**ENTRIES SHOWN:**
* * * *

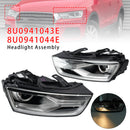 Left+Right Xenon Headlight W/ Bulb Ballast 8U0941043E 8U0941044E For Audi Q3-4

* * * *

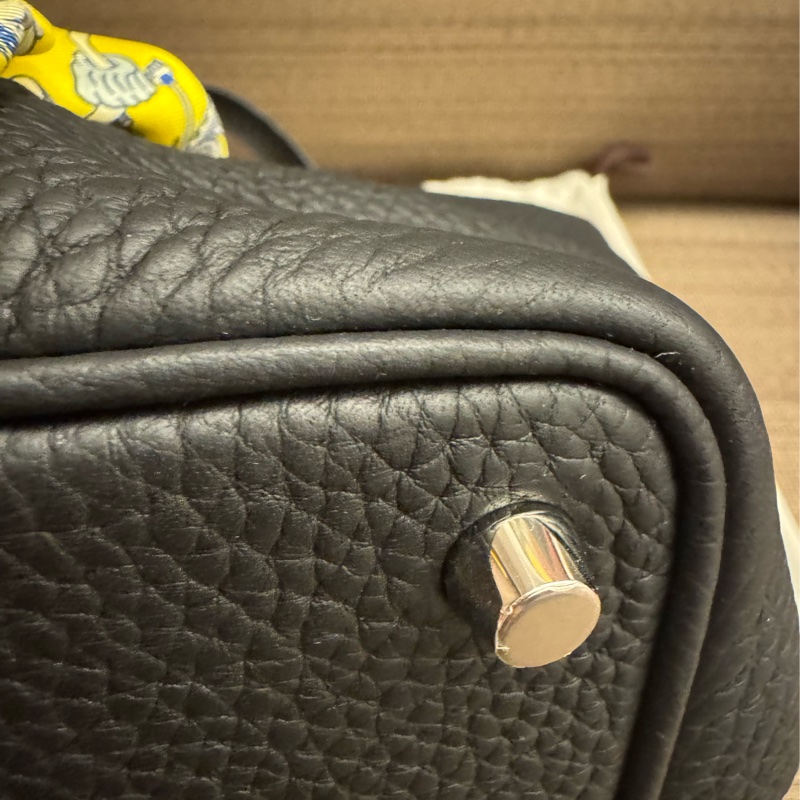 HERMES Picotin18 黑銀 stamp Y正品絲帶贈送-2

* * * *

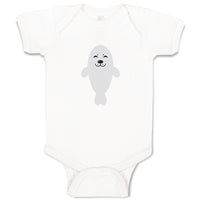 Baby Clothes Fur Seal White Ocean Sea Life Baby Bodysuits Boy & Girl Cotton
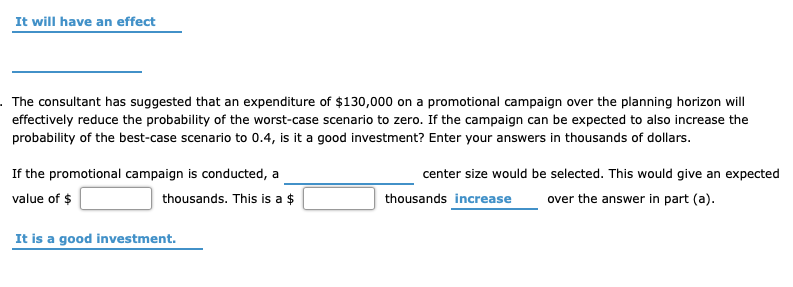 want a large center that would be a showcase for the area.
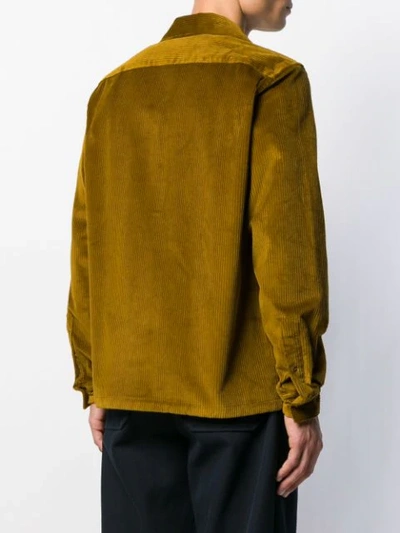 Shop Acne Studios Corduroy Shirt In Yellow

* * * *

**WORK TASK:** Repeat, without pictures, exactly the lines of the data above from the one containing "want a large" through the one containing "Shop Acne Studios Corduroy Shirt In Yellow", including both and adding nothing.

**EXERCISE SOLUTION:**
 want a large center that would be a showcase for the area.
 Shop Acne Studios Corduroy Shirt In Yellow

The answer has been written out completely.